The British navel shipyards were in full operation, building new ships or repairing the ships of the greatly expanded British naval fleet during the Napoleonic War years. Demand was high for massive straight masts for the riggings. These “sticks” were the stuff where men could make fortunes! A William Price was sent out as early as 1810 to seek a new supply source for the battleships of Britain. As a representative of the Admiralty, he returned to England impressed with his exploration and together with James McGill, later founder of the University that bears his name, he began the square timber trade.
Evelyn Moore Price writing in her “History of Corporation of Township of Westmeath”, describes the Mast Road this way:
“Lumbering was the main industry in this section of the Westmeath township from the time of 1837 when settlers began arriving from down the Ottawa River.
“Huge quantities of trees were cut in the surrounding locality – hewed into square timber by skilled woodsmen – which were hauled through the tiny new hamlet of Beachburg by eight yoke of oxen hauling one stick of timber.

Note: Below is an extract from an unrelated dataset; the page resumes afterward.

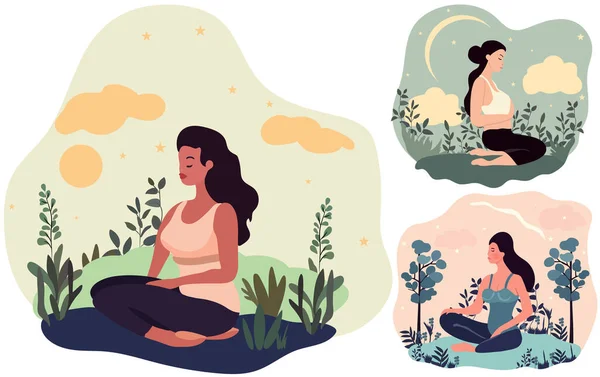 Yoga Nilüfer Çiçeği Duruşu Yeşillik Içinde Sakin Meditasyon Yapan Bir Telifsiz Stok Vektörler
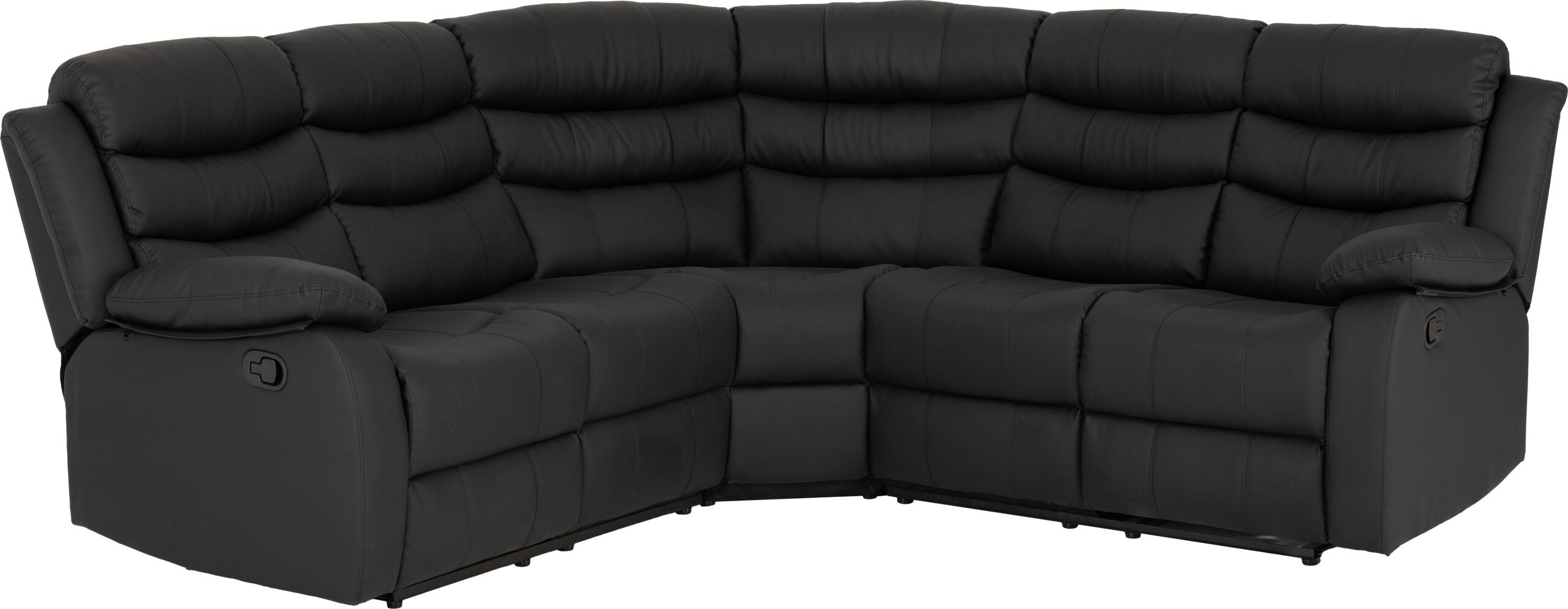 Roma Corner Recliner Sofa Black Faux Leather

“They hauled down the “Mast Road” so named for its suitability for hauling the long mast suitable for sailing ships. These had to be “rafted up”, in still waters and not in the turbulent waters of the Ottawa on the other side of the peninsula. This road passed through “The Glen” and is known to be one of the straightest road in existence. This was traversed and the timbers put in Bellows Bay on the Ottawa River at Lot 1, North Front A. Traveling was extremely hazardous due to the heavy timber causing the lowlands to hold the water under which was marsh or bogs. Great difficulties were encountered traveling on these primitive trails. For this same reason, many pioneers came up the Ottawa, among them John Buchanan. To avoid the dangerous stretch of rapids, now known as Whitewater country, he by-passed these by going on the other side of Calumet Island as far as LaPasse where he turned downstream, landing his family and belongings at the Roche Fendu area where he had taken up a large tract of land.”

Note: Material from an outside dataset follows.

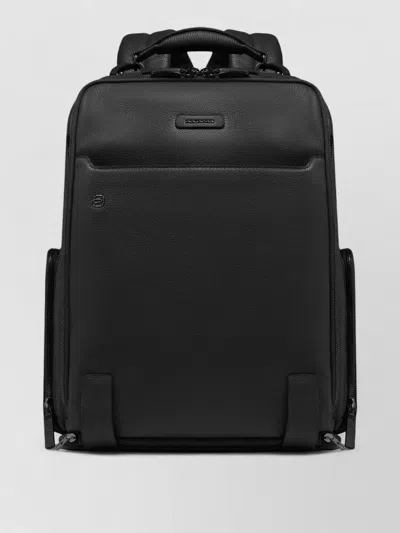 Piquadro Leather Travel Backpack Top Handle Straps In Black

The Mast Road is no more. The usefulness of having a direct, flat route to the riverfront at Bellow’s Bay faded with the last of the giant timbers were felled. Snowmobilers are the only users of trails in this area now. Now the alternate road route in use from Beachburg to the Ottawa’s shoreline west of Westmeath, is along the Lookout Road, over two sets of hills, providing wonderful, scenic views; but not good for oxen pulling heavy loads.
Today that large area of cedars and bushland of forgotten Mast Road contains the Westmeath Conservation Area to preserve the Westmeath Bog.